### Task to carry out
Print, exactly as they appear in the listing below, the lines from the line with "Седан Volkswagen Passat 2011 в Ужгороде" to the line with "Artystyczna skórzana torebka", with both end lines kept.

======== Exercise materials ========

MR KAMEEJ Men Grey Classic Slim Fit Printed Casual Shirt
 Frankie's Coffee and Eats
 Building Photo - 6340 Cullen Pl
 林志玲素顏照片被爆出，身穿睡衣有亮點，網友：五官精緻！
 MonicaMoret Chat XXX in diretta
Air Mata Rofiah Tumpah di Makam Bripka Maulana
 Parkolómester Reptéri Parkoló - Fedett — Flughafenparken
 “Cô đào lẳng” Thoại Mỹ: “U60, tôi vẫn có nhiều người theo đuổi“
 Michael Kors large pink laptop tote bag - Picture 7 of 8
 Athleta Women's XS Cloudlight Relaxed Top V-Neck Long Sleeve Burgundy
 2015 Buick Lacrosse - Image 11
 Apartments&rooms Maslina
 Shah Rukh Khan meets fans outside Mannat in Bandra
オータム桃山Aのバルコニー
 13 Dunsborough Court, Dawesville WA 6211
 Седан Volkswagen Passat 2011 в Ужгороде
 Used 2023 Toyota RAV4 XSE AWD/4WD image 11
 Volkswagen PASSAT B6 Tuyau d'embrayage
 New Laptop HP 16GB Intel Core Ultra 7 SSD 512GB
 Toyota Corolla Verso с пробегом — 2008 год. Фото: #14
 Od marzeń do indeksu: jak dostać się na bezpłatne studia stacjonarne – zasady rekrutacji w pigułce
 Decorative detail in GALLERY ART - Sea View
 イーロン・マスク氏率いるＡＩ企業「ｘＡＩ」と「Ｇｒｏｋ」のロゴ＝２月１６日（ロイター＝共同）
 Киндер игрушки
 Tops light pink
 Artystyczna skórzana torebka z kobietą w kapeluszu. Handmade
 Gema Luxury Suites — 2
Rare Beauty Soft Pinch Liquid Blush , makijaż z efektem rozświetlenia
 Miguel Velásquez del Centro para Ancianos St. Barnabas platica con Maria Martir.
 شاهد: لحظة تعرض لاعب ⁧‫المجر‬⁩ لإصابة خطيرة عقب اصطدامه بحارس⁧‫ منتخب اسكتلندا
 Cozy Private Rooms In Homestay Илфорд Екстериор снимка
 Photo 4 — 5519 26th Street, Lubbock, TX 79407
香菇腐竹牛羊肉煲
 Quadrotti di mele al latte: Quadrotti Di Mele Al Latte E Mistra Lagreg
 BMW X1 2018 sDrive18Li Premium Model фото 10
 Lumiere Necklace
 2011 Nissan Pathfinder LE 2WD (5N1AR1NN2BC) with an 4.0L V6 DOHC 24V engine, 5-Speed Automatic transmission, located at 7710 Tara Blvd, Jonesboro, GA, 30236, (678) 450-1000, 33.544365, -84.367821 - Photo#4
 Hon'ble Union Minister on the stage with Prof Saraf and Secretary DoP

========

### Response below
 Седан Volkswagen Passat 2011 в Ужгороде
 Used 2023 Toyota RAV4 XSE AWD/4WD image 11
 Volkswagen PASSAT B6 Tuyau d'embrayage
 New Laptop HP 16GB Intel Core Ultra 7 SSD 512GB
 Toyota Corolla Verso с пробегом — 2008 год. Фото: #14
 Od marzeń do indeksu: jak dostać się na bezpłatne studia stacjonarne – zasady rekrutacji w pigułce
 Decorative detail in GALLERY ART - Sea View
 イーロン・マスク氏率いるＡＩ企業「ｘＡＩ」と「Ｇｒｏｋ」のロゴ＝２月１６日（ロイター＝共同）
 Киндер игрушки
 Tops light pink
 Artystyczna skórzana torebka z kobietą w kapeluszu. Handmade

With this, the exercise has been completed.